Memphis native Elder Gregory Crenshaw, a retired public school educator, described the century-old event as “another heinous hate crime committed against people of color in America and nothing done about it.”

President Joe Biden arrives to commemorate the 100th anniversary of the Tulsa Race Massacre, at the Greenwood Cultural Center, Tuesday, June 1, 2021, in Tulsa, Okla. AP Photo/Evan Vucci

Not only did McRee, Greer, Clark and other Americans not know about this tragic event, there were people growing up in Tulsa who had not heard about it, according to the documentaries.

Crenshaw said he had heard about the incident prior but “white America pushed it under the rug.”

“Literal hell unleased,” described President Biden, who also met with survivors during his Tulsa visit.

For years, the Tulsa Race Massacre was kept out of the history books. Even during its happening and after, it is alleged that the media was asked to squashed the story.

North Tulsa native Dewayne Dickens, Ph.D., told The Mississippi Link in a telephone interview that people in Tulsa simply did not talk about it, “in the black community nor white community.” He said he thinks the blacks did not want to talk about it out of fear and the whites (many of them) were ashamed.

Dickens, who serves as director diversity, equity and inclusion at Tulsa Community College, said that there is still some “mixed perspective” on discussing it today.

An example of media squashing the story was Ed Wheeler’s 1970 writing project, “Profiles of a Race Riot.”

Wheeler, a Tulsan native who is white and a captain in the National Guard infantry battalion at the time, met strong opposition including treats. It was refused by the first publisher, but he was persistent and eventually got it published.

With this week’s recent 100-year observance, no doubt media around the nation and the world are reporting on the event. What was once Tulsa’s dirty little secret is being told.

Children in Tulsa Public Schools will have the opportunity now to learn about it. Thanks to the Burt B. Holmes and George Kaiser Family Foundations, the Tulsa World to TPS “to assist in teaching about the Tulsa Race Massacre in the classrooms,” the paper’s introduction indicated.

“As a black journalist, I am fortunate to have had the opportunity to be one of the contributors to our archival publication which will educate young people about this horrible event for years to come,” said Kendrick Marshall, assistant city editor at the Tulsa World. Marshall, a Chicago native and current Tulsa resident, is a 2006 Jackson State University Mass Communications alumni who freelanced for the Black Press papers in Jackson while living there.

Some Tulsans are pleased that some light is finally being shed on their city’s dark history.

Kavin Ross, photojournalist, owner and publisher of weekly Greenwood Tribune, was “honored” to be contacted by The Mississippi Link newspaper.

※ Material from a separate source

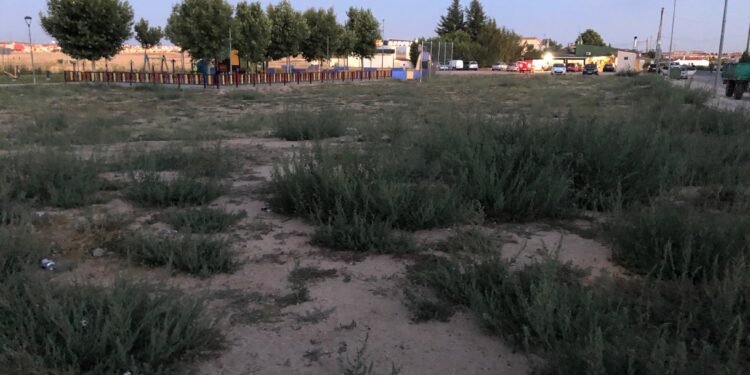 El Ayuntamiento de Villares ya es propietario de la parcela que acogerá el futuro pabellón cubierto de Aldeaseca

“My great grandfather Isaac Evitt’s Zulu Lounge was destroyed in the Tulsa Massacre,” Ross said. “The freeway now runs over top where it used be,” he said. 

Ironically, the section of Interstate 244 that towers over where Ross’ great grandfather’s lounge was located is named for the nation’s iconic drum major for non-violence and peace: “The Dr. Martin Luther King Memorial Expressway.”

Speaking of interstate, many now are posing the question: The secret is out; generational wealth went up in flames; many lives lost and impacted; no one held accountable: where do we, not just Tulsa, go from here? 

“I feel the families should be given reparation for the properties they lost and money for insurance payments they were denied,” stressed McRee.

Dickens, who serves on the Board of Directors for Tulsa’s John Hope Franklin Center for Reconciliation, where he chairs the Annual Symposium, said he would like to see restorative justice. “At the end of the day, there has to be a sense of hope,” he said.

Dickens also said education, conversation and urban planning for the area are keys to repairing that district to its original state; creating another Black Wallstreet.

“If those people did it 100 years ago, we could have economically prosperous communities of color today,” concluded Crenshaw, on location in Mississippi.